It has become ever clearer to me that one of the convictions that underlies my metaphysical assumptions is that Man's creative ability is real; yet mainstream, classical, 'traditional' Christian theology has no place for Men to be able genuinely to create: that is, for a Man to be able to to add something new to to God's existing creation.
This exclusion of the possibility of creation is a consequence of the mainstream Christian's understanding of the nature and attributes of God.
God is assumed to have created everything from nothing (creation ex nihilo), and to live outside of time (such that God knows everything that including all possible futures), and to be omnipotent and omniscient.
Putting all of these together - for the mainstream-classical theology divine creation has-been done wholly by God, has already-happened; and is complete and unchangeable (since it is beyond time).
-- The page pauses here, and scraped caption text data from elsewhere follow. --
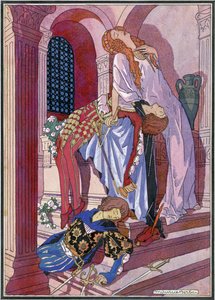 The Death of Romeo and Juliet, sidste scene i stykket af William Shakespeare (1564-1616) (litho)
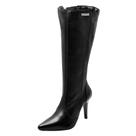 Bota Pierrô social conforto cano e salto altos couro cor preto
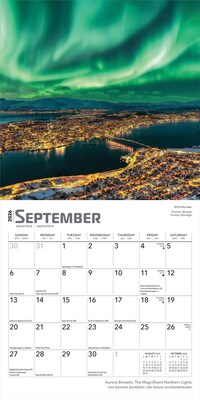 2026 BrownTrout Aurora Borealis 7" x 7" Monthly Wall Calendar (9798330708055)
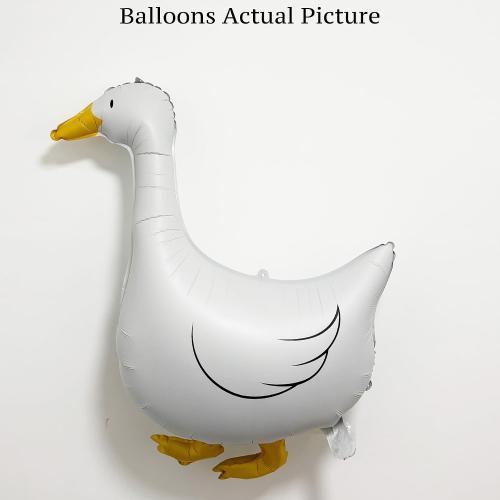 4PCS One Silly Goose Balloons and Pink Bows – White Goose Pinl Bow Foil Balloons for One Silly Goose Birthday Decorations, Coquette Bow Baby Girl Party Decor, Gingham Farm Baby Shower Supplies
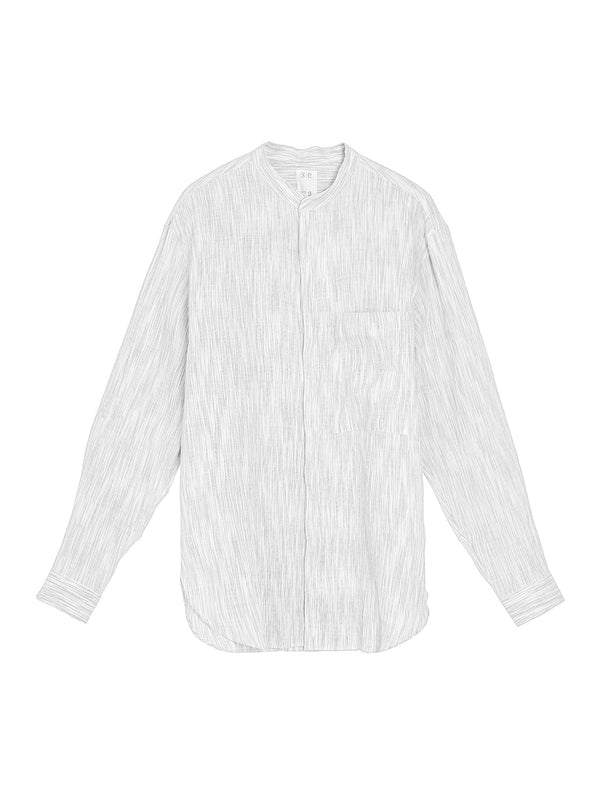 Hand Stitch Kurta Shirt Omi Ikat Crepe Limited White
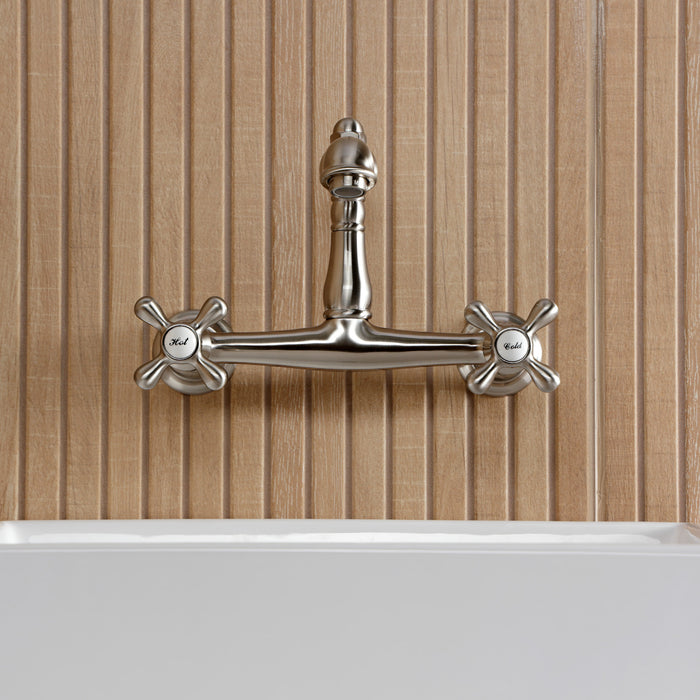 Kingston Heirloom KS7258AX - English Country Double-Handle 2-Hole Wall Mount Bathroom Faucet, Brushed Nickel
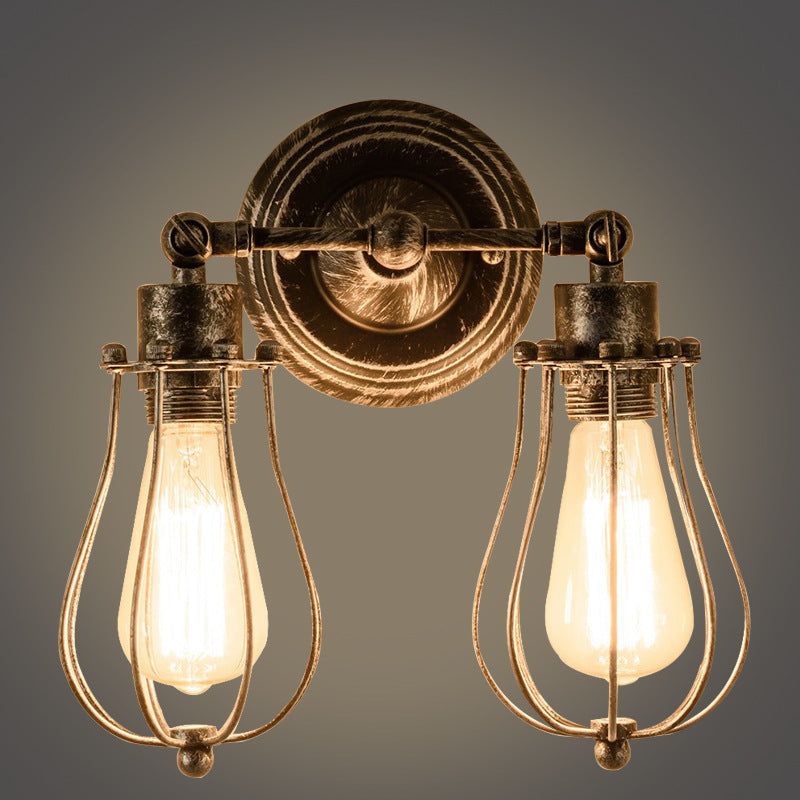 Traditional Colonial Gourd Iron 2-Light Wall Sconce Lamp For Living Room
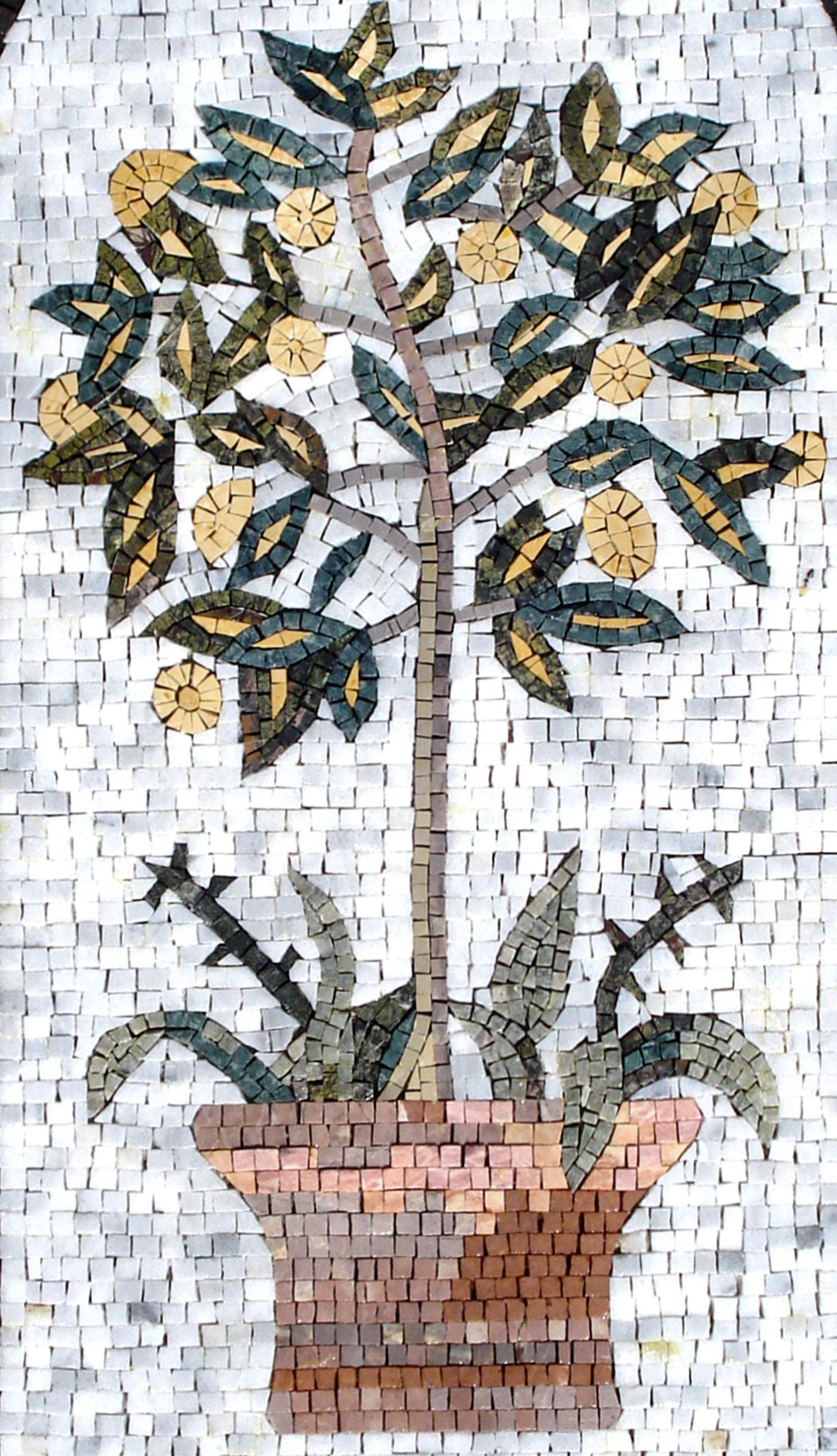 36" Handmade Floral Design Arched Mosaic Wall Art Décor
From this perspective; there are two basic ways we can know - which CS Lewis terms contemplation and enjoyment (and which are described and explained in this essay, but without using the contemplation-enjoyment nomenclature - which distinction is explained in his autobiography Surprised by Joy, and elsewhere).
For a classical, mainstream Christian theologian like Lewis, contemplation and enjoyment are the only possible ways of conscious 'knowing' - with enjoyment a higher form of knowing.
(There will also be ways of 'unconscious' knowing - in the sense of animals, or plants, that implicitly 'know' many things, because they behave adaptively; but without possessing what most people would recognize as explicit, conscious awareness of their knowing. However, I believe they do, because everything does, possess some consciousness, of some type)
Contemplation is when we retain the stance of a separate observer - it is, in effect, knowing-about something.
For a Christian, a Man might contemplate God, or the works of God - and this means knowing-about such things; by paying attention, having experiences, studying, learning.
A higher form of knowing God would be enjoyment, or 'communion'.
This would be when someone (perhaps a Saint, or a resurrected Man in Heaven) inhabited the divine mind, able to perceive and know God by means of a direct connection; becoming joined-with God's creative will - but retaining one's own identity as a distinct creature (created individual).
Man in full communion with the divine remains conscious of himself; but knows God's work from the inside, and knows his own part in it.
(It is this retaining of personal identity that differentiates the Christian understanding of divine communion, from the 'Eastern' (Hindu, Buddhist etc.) idea of Nirvana - in which the individual Man loses his distinction, his 'self'; and becomes dissolved-back-into the divine-whole, from which he originated.)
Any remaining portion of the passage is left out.